(Captioned web image data)
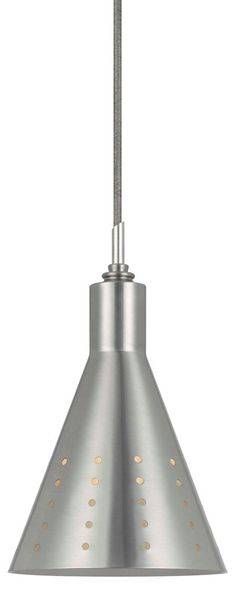 Nickel Silver Brushed Steel Mini Pendant Light Perforated Metal 4 Inside Brushed Stainless Steel Pendant Lights (View 2 of 15)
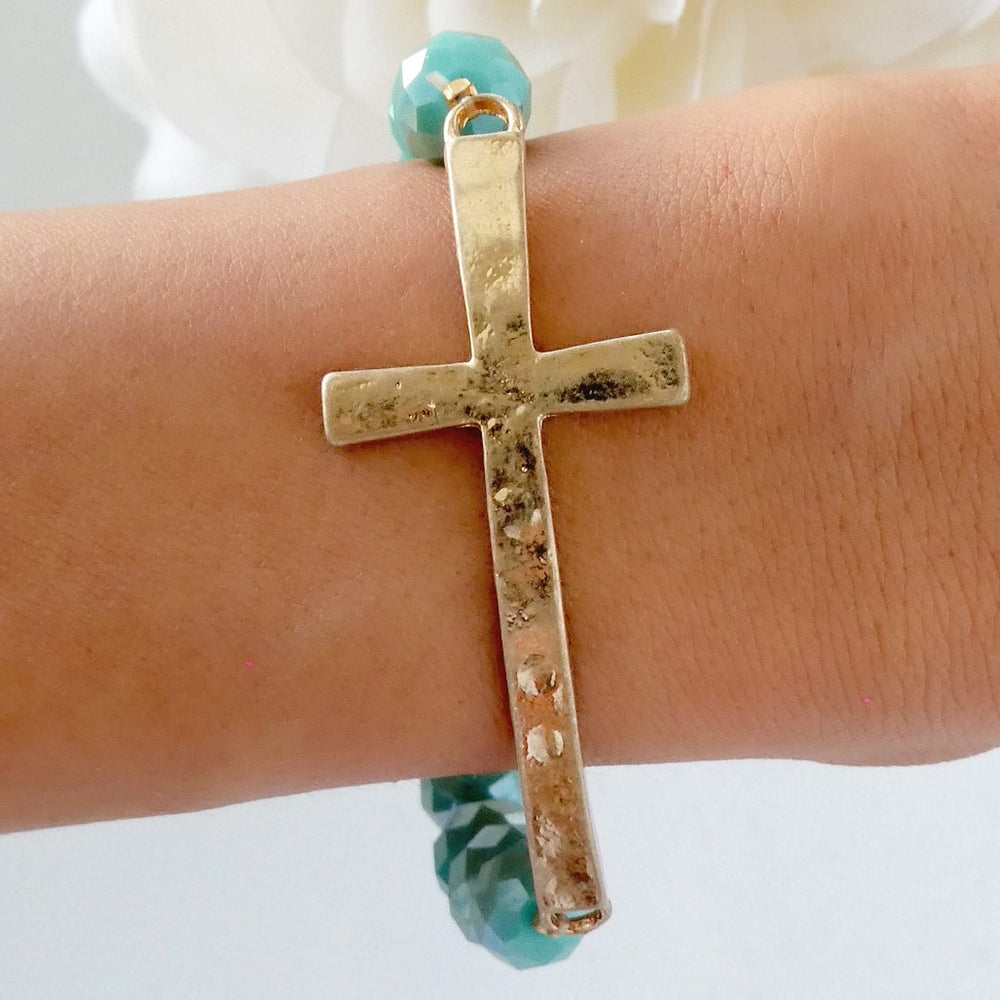 Turquoise Bead & Cross Bracelet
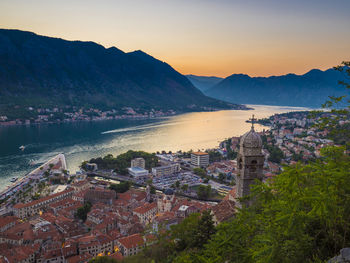 High angle view of town by sea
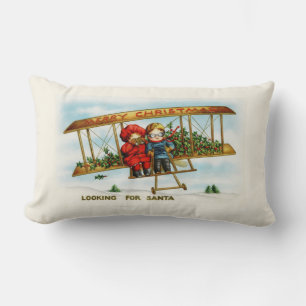 Vintage Christmas Children Looking For Santa Lumbar Pillow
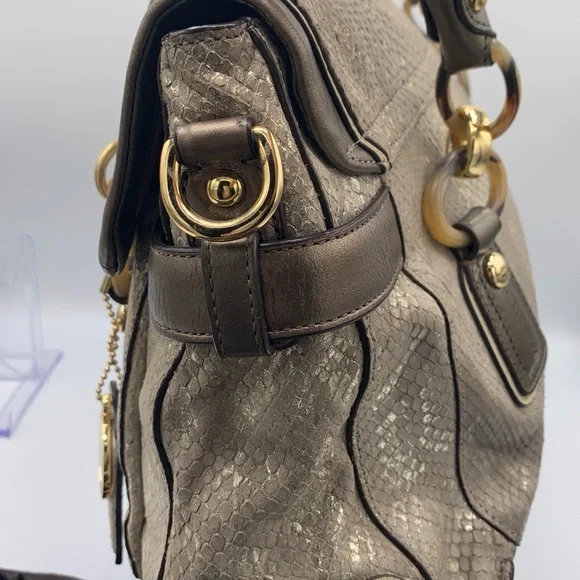 Coach Peyton Rose Gold Metallic Python Print with Gold and Tortoise Hardware - Picture 5 of 14
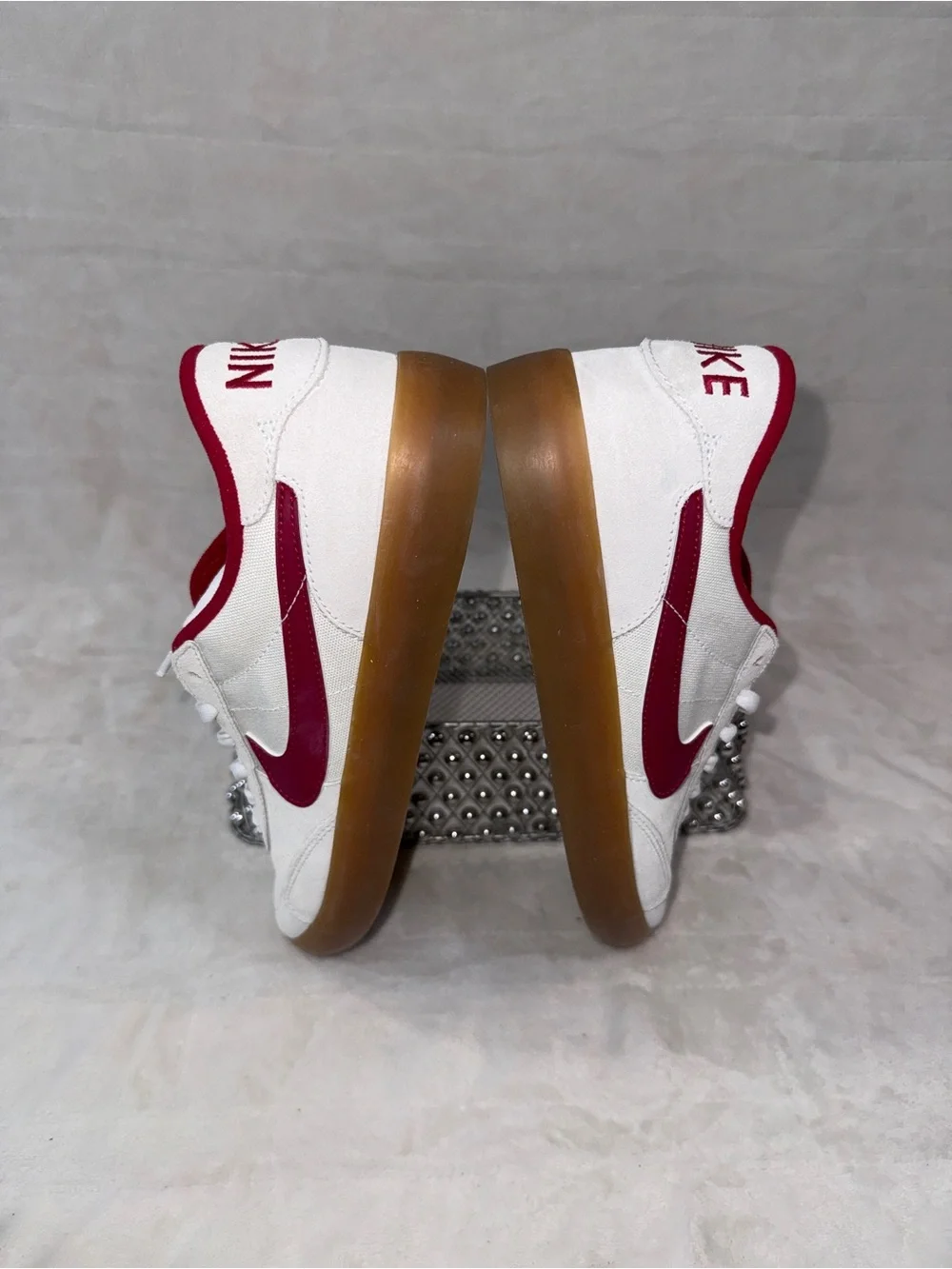 Nike 10 men’s, 11.5 women’s Summit White Sneakers Cardinal Red Swoosh Gum Sole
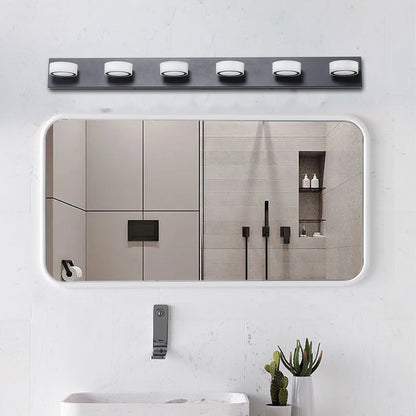 LED 6-Light Vanity Light for Bathroom Over-Mirror Wall Mount Modern Acrylic & Iron 44.9 in L Black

> **TO DO**
The required answer is the lines from the one that contains "Turquoise Bead & Cross Bracelet" through the last line of the records, restated word for word, with every picture dropped.

> **SOLVED EXERCISE**
 Turquoise Bead & Cross Bracelet
 High angle view of town by sea
 Vintage Christmas Children Looking For Santa Lumbar Pillow
 Coach Peyton Rose Gold Metallic Python Print with Gold and Tortoise Hardware - Picture 5 of 14
 Nike 10 men’s, 11.5 women’s Summit White Sneakers Cardinal Red Swoosh Gum Sole
 LED 6-Light Vanity Light for Bathroom Over-Mirror Wall Mount Modern Acrylic & Iron 44.9 in L Black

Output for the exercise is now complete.